Lo resumió en una frase terminante (tantas veces abandonada e incumplida): “Los poderosos y autoridades de este mundo dominan a las naciones y sojuzgan a la gente. Entre ustedes no deberá ser así. Por el contrario, será importante aquel que se ponga en el último lugar y preste servicio a los demás. Como lo hace el Hijo del Hombre, que no vino a ser servido sino a servir”.
Jesús no propuso dogmas, no indicó ritos y ceremonias ni dictó nuevas normas.
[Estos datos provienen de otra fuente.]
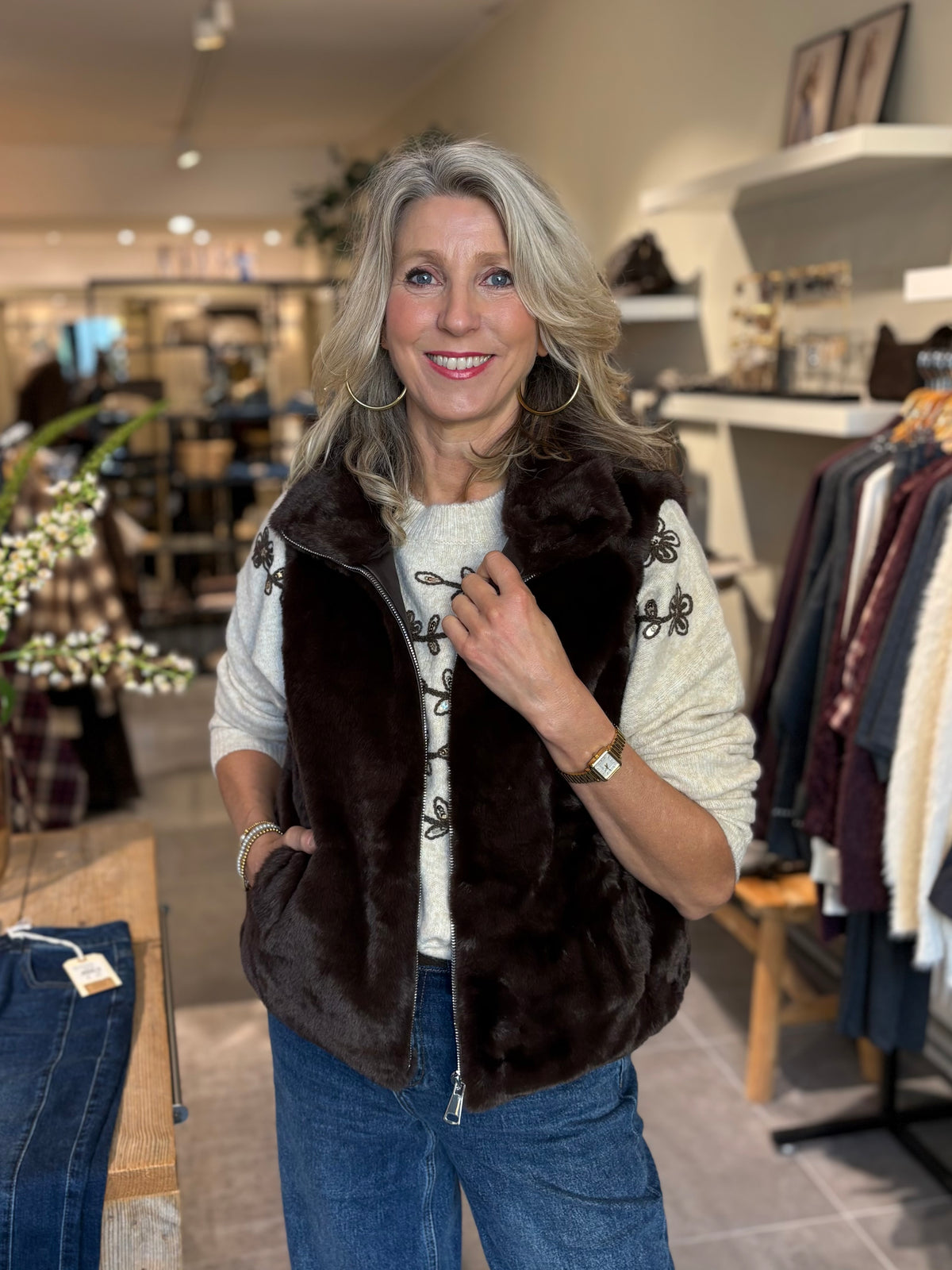 Bella gilet imitatiebont donkerbruin
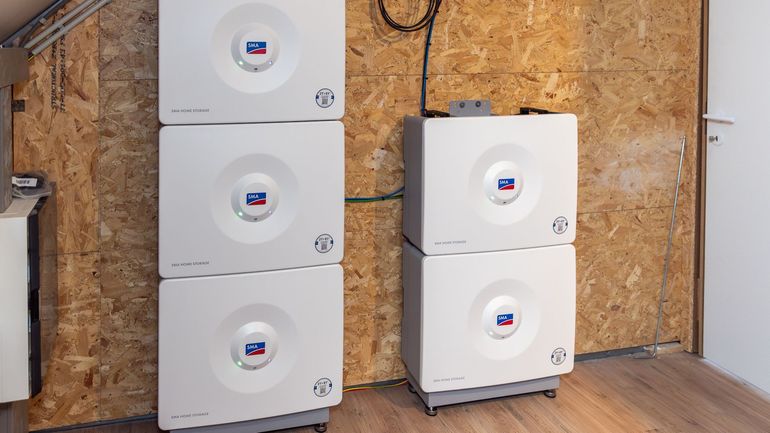 Vous possédez une batterie domestique pour accumuler l'énergie de vos panneaux ? N'oubliez pas de la faire enregistrer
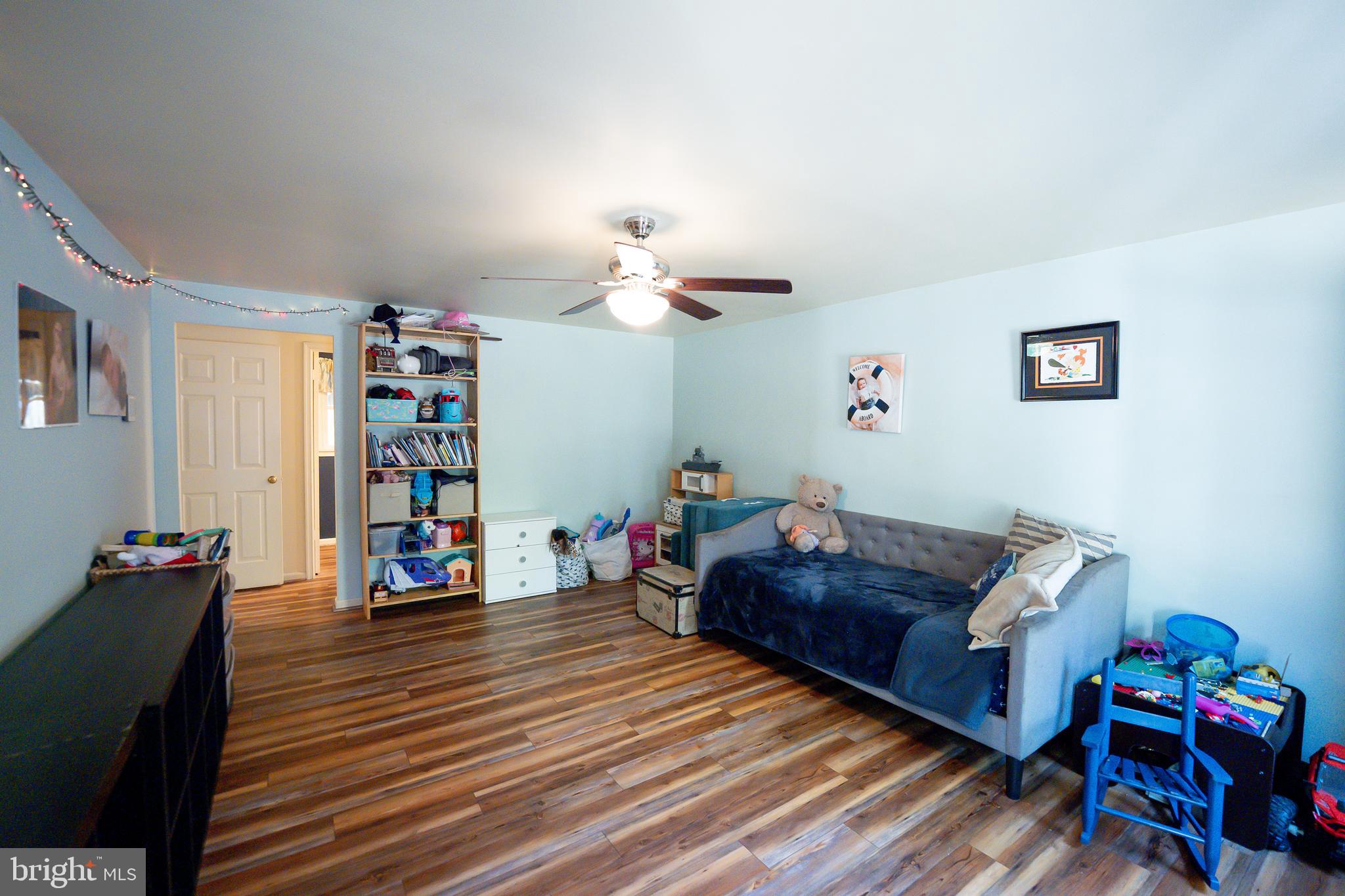 427 VALLEYWOOD DRIVE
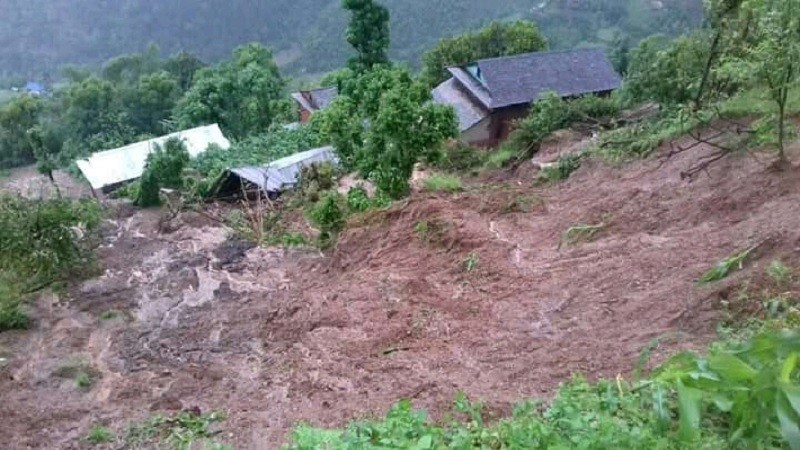 पहिराले चार परिवार विस्थापित, बस्ती जोखिममा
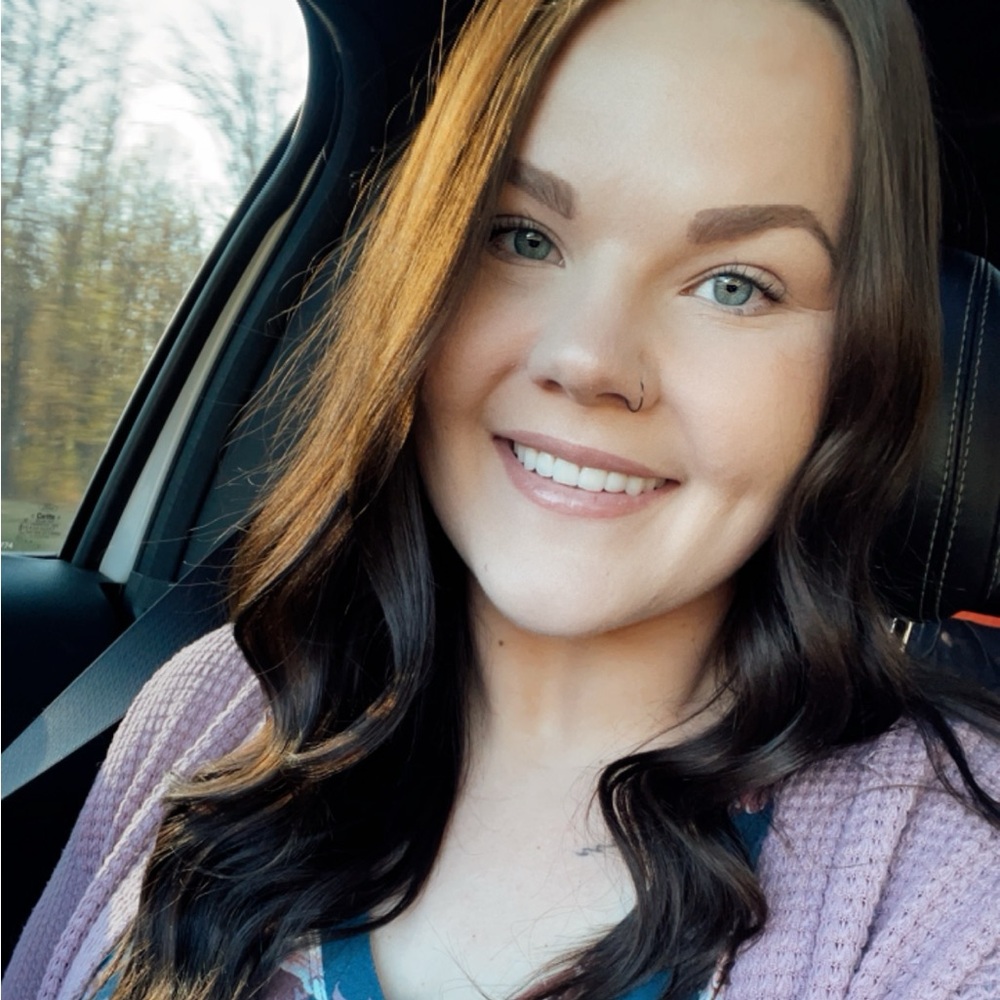 Meet your Posher, Cassandra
Resignificó el sentido de la vida y de las relaciones humanas desde el amor que parte de un corazón abierto a los demás: “Esto es lo que les pido: que se amen unos a otros como Yo los he amado”. El cumplimiento externo -que no proviene de una opción personal- de toda ley o norma, es vacío, engañoso e hipócrita.
Jesús no fue doctor, escriba, saduceo, fariseo o perteneciente al Sanedrín -títulos religiosos honorables de su tiempo-; no participó en los sacrificios de animales que se realizaban en el templo, ni los ofició; no habló ni enseñó en el templo de Jerusalén, sino en las sinagogas de los pueblos y por los caminos de Galilea y Judea.
La gente le adjudicó el título de “maestro”: “Este hombre nos habla y enseña de modo diferente, no como los doctores de la ley”.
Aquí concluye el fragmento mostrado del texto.